*WHAT THE EXERCISE ASKS:* Transcribe every record verbatim.

Stored items from a collection:
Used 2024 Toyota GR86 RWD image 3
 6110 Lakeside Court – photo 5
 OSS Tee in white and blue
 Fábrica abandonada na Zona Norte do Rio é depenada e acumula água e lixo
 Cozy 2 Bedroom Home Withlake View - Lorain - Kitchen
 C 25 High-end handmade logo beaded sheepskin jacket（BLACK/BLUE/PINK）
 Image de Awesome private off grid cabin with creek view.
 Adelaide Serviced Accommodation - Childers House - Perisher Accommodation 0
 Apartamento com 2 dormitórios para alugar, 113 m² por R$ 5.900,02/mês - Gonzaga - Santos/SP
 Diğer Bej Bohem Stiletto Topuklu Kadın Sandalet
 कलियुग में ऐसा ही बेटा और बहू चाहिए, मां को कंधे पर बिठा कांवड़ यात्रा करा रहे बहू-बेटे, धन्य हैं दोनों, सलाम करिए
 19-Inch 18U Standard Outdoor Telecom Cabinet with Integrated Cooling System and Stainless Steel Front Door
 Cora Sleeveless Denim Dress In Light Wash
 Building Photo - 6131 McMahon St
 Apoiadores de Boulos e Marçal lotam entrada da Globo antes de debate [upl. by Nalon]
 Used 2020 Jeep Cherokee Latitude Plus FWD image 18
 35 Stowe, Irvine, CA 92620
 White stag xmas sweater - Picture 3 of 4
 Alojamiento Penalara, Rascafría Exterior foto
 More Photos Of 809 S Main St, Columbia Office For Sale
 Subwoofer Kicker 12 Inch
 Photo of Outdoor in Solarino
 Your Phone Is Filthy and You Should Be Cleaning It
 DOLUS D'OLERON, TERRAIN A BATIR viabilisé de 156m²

*THE COMPLETED TASK:*
Used 2024 Toyota GR86 RWD image 3
 6110 Lakeside Court – photo 5
 OSS Tee in white and blue
 Fábrica abandonada na Zona Norte do Rio é depenada e acumula água e lixo
 Cozy 2 Bedroom Home Withlake View - Lorain - Kitchen
 C 25 High-end handmade logo beaded sheepskin jacket（BLACK/BLUE/PINK）
 Image de Awesome private off grid cabin with creek view.
 Adelaide Serviced Accommodation - Childers House - Perisher Accommodation 0
 Apartamento com 2 dormitórios para alugar, 113 m² por R$ 5.900,02/mês - Gonzaga - Santos/SP
 Diğer Bej Bohem Stiletto Topuklu Kadın Sandalet
 कलियुग में ऐसा ही बेटा और बहू चाहिए, मां को कंधे पर बिठा कांवड़ यात्रा करा रहे बहू-बेटे, धन्य हैं दोनों, सलाम करिए
 19-Inch 18U Standard Outdoor Telecom Cabinet with Integrated Cooling System and Stainless Steel Front Door
 Cora Sleeveless Denim Dress In Light Wash
 Building Photo - 6131 McMahon St
 Apoiadores de Boulos e Marçal lotam entrada da Globo antes de debate [upl. by Nalon]
 Used 2020 Jeep Cherokee Latitude Plus FWD image 18
 35 Stowe, Irvine, CA 92620
 White stag xmas sweater - Picture 3 of 4
 Alojamiento Penalara, Rascafría Exterior foto
 More Photos Of 809 S Main St, Columbia Office For Sale
 Subwoofer Kicker 12 Inch
 Photo of Outdoor in Solarino
 Your Phone Is Filthy and You Should Be Cleaning It
 DOLUS D'OLERON, TERRAIN A BATIR viabilisé de 156m²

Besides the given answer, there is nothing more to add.